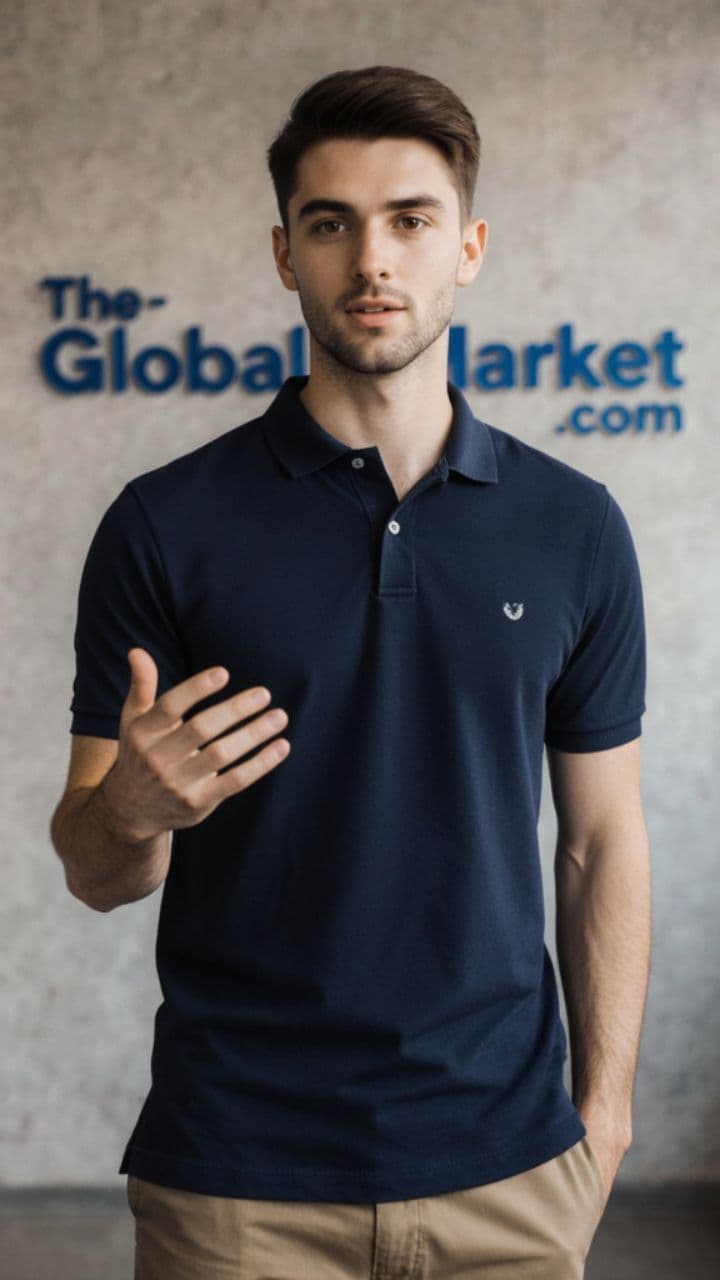 Le style vestimentaire et la vraie nature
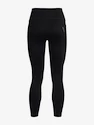 Ženske pajkice Under Armour UA Rush Ankle Legging-BLK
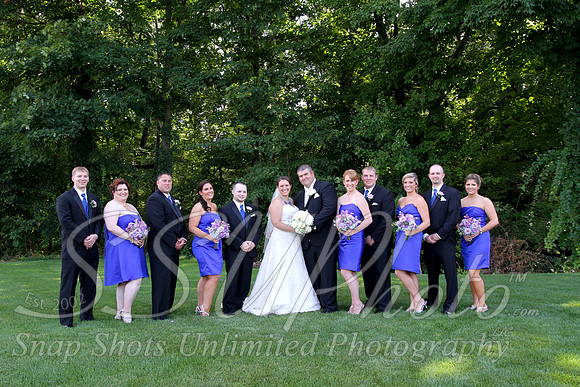 1014formals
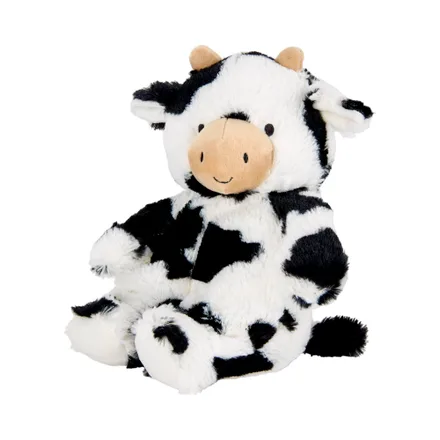 Peluche Carter's 68352 Vaca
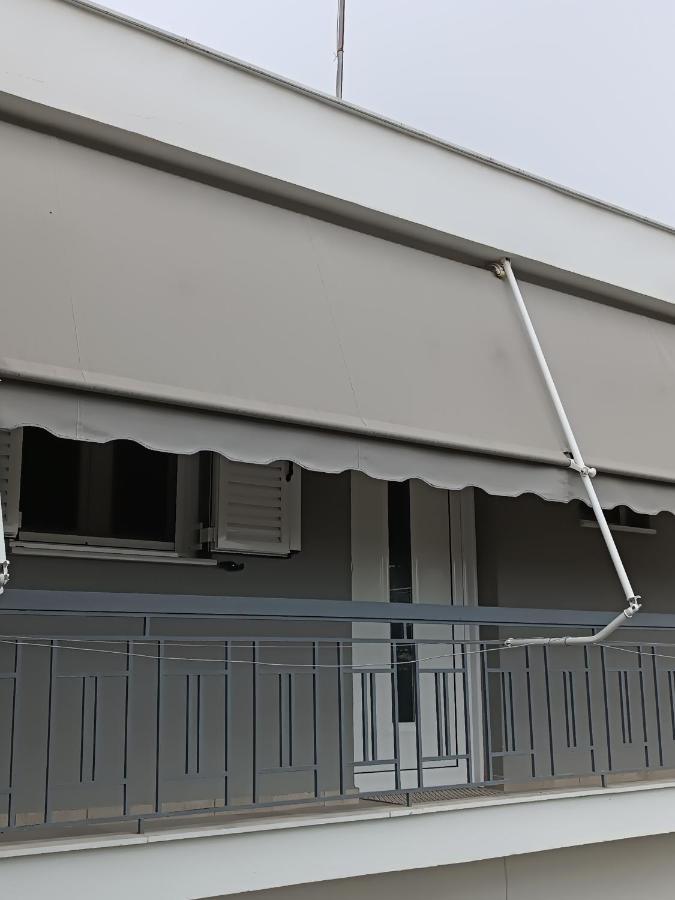 Giorgos Studio Trikala Zewnętrze zdjęcie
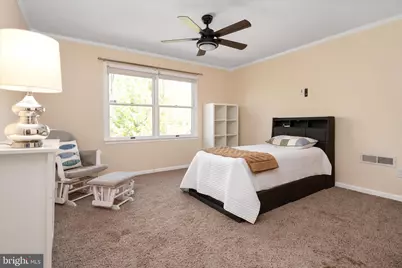 2008 Bridgepointe Drive, Chester, MD 21619 - Photo 17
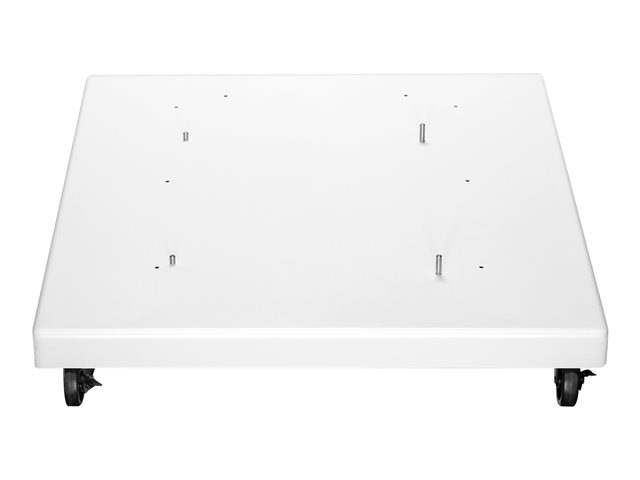 Canon Stand Type-T - printer stand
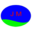相關(guān)推薦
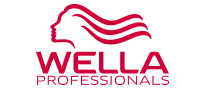 WELLA威娜怎么样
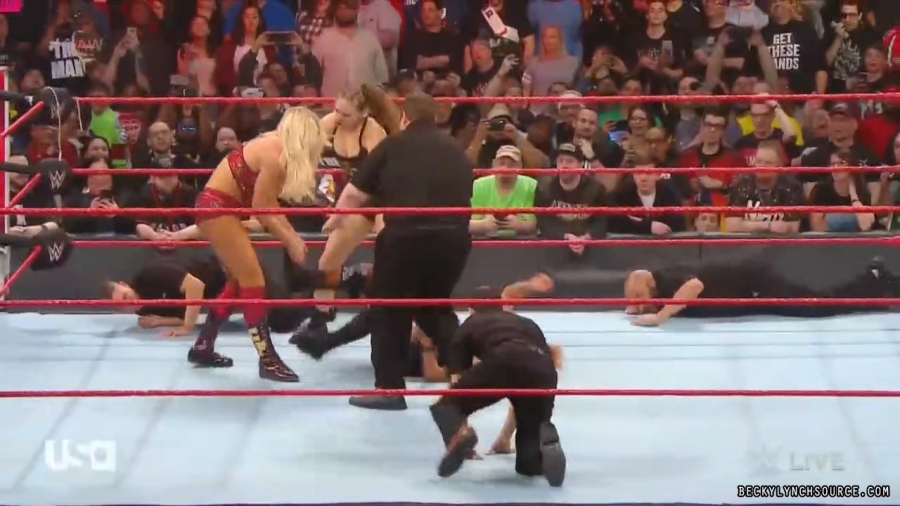 beckyraw20190401_Still919.jpg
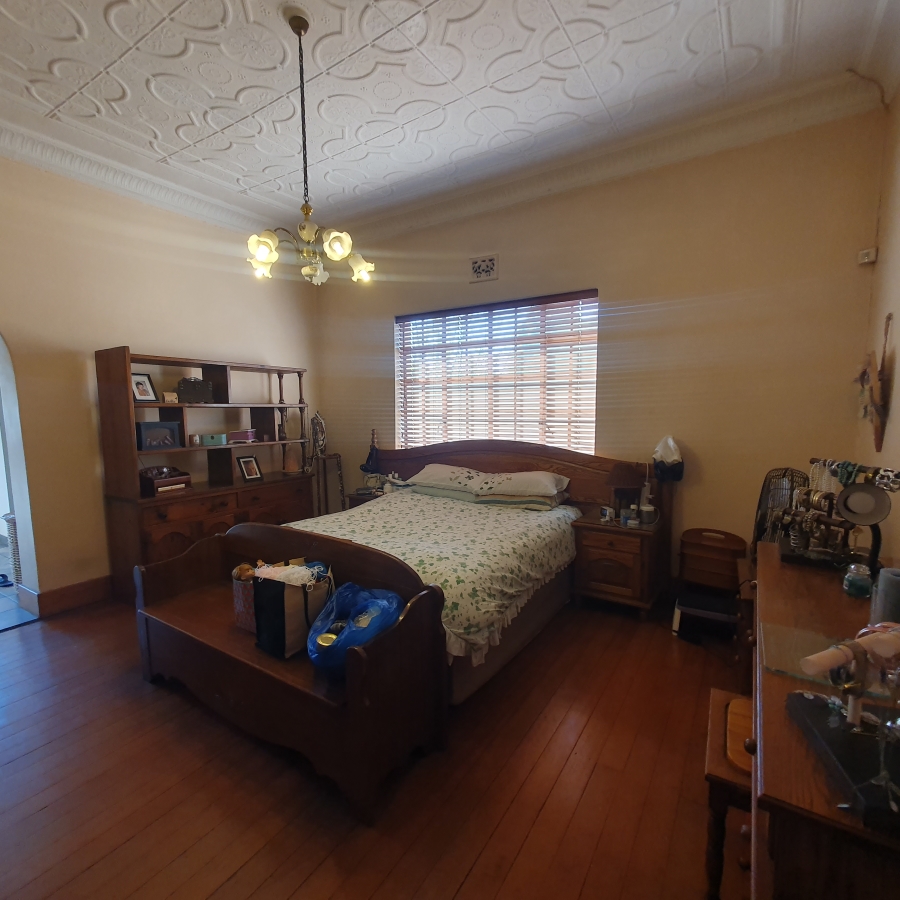 3 Bedroom Property for Sale in Klippoortje Gauteng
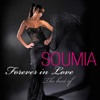 Forever In Love (The Best of Soumia)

**Try it:** Write out the lines from the line with "1014formals" through the end of the records exactly; do not include pictures or any other lines.

**Expected answer:**
 1014formals
 Peluche Carter's 68352 Vaca
 Giorgos Studio Trikala Zewnętrze zdjęcie
 2008 Bridgepointe Drive, Chester, MD 21619 - Photo 17
 Canon Stand Type-T - printer stand
相關(guān)推薦
 WELLA威娜怎么样
 beckyraw20190401_Still919.jpg
 3 Bedroom Property for Sale in Klippoortje Gauteng
 Forever In Love (The Best of Soumia)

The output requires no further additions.